03 December 2009

The New ERP – Part 18

Post-sales requirements gathering

As we continue our review of traditional ERP – Everything Replacement Project methods and processes, while comparing them to the New ERP – Extended Readiness for Profit, we have been discussing the various aspects of "requirements gathering." So far we have covered both in-house and pre-sales requirements gathering. However, even if one or, indeed, both of the preceding forms of "requirements gathering" have been performed, it is not at all unusual for yet another aspect of "requirements gathering" to be done following the close of the software sale. We refer to this, naturally, as post-sales requirements gathering.

Many technology vendors and value-added resellers (VARs) maintain a process that looks something like this:

What's wrong with this picture?

The problem is that, most likely, it was the salespeople that did the pre-sales high-level requirements gathering. Then, they sold your company the technology!

Now, after you and your organization have already made what is probably a non-refundable purchase commitment of their technology, the vendor is sending in the people that really know whether the technology is "a good fit" for your specific organization and its application of it. Only now are they discovering your real and practical requirements.

Of course, the vendor's technical team's analysis will still not be based on a holistic view of your organization – they will not be looking at your entire organization as a "system." They will be looking at individual organizational silos and functional areas, frequently assigning different personnel to oversee "requirements gathering" in the different silos. Supposedly, this is to make things "better," because the different persons will each be "specialists" in their respective assignments. But, if they are like far too many vendors and resellers, no one has the training or experience to really see how your organization functions as an integrated "system" or "chain" of dependent events and actions. Thus, their "requirements gathering" will also fail to seek out and discover how to optimize the "system" in order to help your organization achieve more of its goal to make more money tomorrow and in the future.
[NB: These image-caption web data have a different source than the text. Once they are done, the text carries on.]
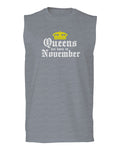 The Best Birthday Gift Queens are Born in November men Muscle Tank Top sleeveless t shirt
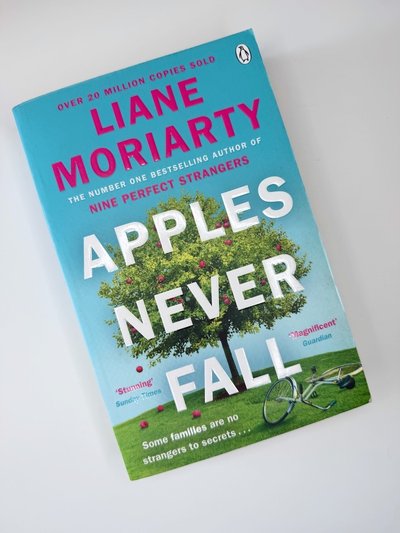 Apples Never Fall by Liane Moriarty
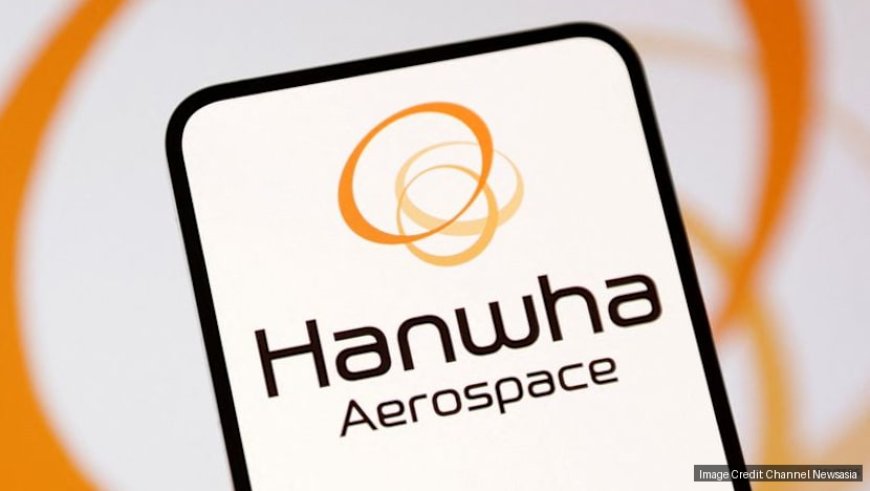 South Korea's Hanwha Aerospace signs US$922 million deal with Norway to supply rocket launchers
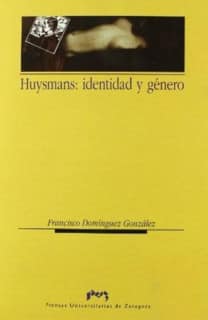 Huysmans: identidad y género
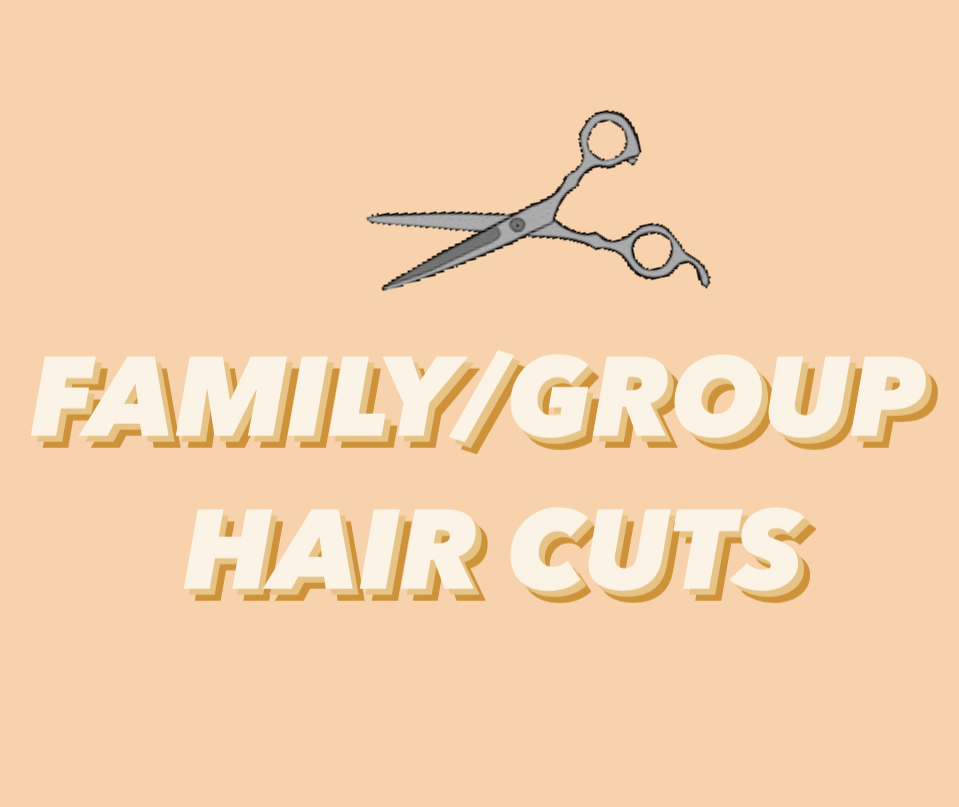 FAMILY/GROUP HAIR CUTS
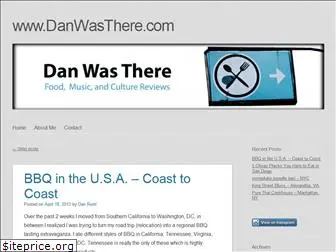 danwasthere.com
In the best-case scenario, this post-sales "requirements gathering" process will stumble upon one or more of the things that must change to increase Throughput (T), reduce Inventory or demand for new Investment (I), or hold the line on Operating Expenses (OE) while permitting your organization to sustain substantial growth. Absent a holistic – a "system" view and theory – this new "requirements gathering" team will still be operating entirely under the assumption that if, in the Everything Replacement Project, they improve every functional area or even some functional areas as a result, the whole organization will benefit and be more successful at achieving its goal. As we have seen, since an organization is a "chain," only strengthening the weakest link will improve the organization as a whole. Time, money and energy spent elsewhere are substantially wasted.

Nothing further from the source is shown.